Dungeons & Dragons Gazetteer
- Illustrator: Dennis Cramer
- Genre: Role-playing game
- Published: 2000 (Wizards of the Coast)
- Media type: Print
- Pages: 32
- ISBN: 0-7869-1742-3
- OCLC: 45080546

= Dungeons & Dragons Gazetteer =

2000 book about Dungeons & Dragons

The Dungeons & Dragons Gazetteer is a supplement to the 3rd edition of the Dungeons & Dragons role-playing game.

==Contents==
The Dungeons & Dragons Gazetteer details the lands of Greyhawk, the 3rd edition core world of Dungeons & Dragons. The book's introduction noted that the D&D game setting is located on Oerth, more specifically on the continent of Oerik, in its easternmost portion called the Flanaess. The book then goes on the briefly cover the history of the region, as well as an atlas that provides a short description of the most important kingdoms. There is also a chapter on geography, and a listing of some of the most influential groups in the region.

==Publication history==
In 1980, D&D co-creator Gary Gygax released the World of Greyhawk Fantasy Game Setting, a 32-page gazetteer of Gygax's World of Greyhawk. This was updated several times over the next decade. After the takeover of TSR by Wizards of the Coast and the development of a third edition of D&D, the company published a new Gazetteer in 2000 using the same 32-page format originally used by Gygax twenty years previously.

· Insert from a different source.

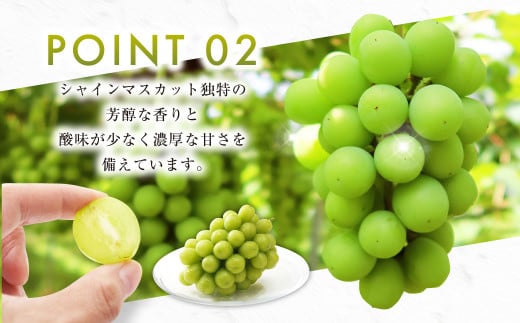 シャインマスカット 晴王 2kg ぶどう 葡萄 フルーツ 果物 岡山県 岡山県産 2026年 先行予約 【2026年9月下旬-10月下旬発送予定】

The Dungeons & Dragons Gazetteer was written by Gary Holian, Erik Mona, Sean Reynolds, and Frederick Weining, with cover art was by Sam Wood, with interior art by Dennis Cramer.

==Reception==
In Issue 24 of the French role-playing magazine Backstab, Cyril Pasteau noted that 32 pages was not enough to "synthesize a universe as vast as that of Grehyawk." Pasteau concluded, "Unfortunately, there is not enough material for a beginning gamemaster to build their own campaign."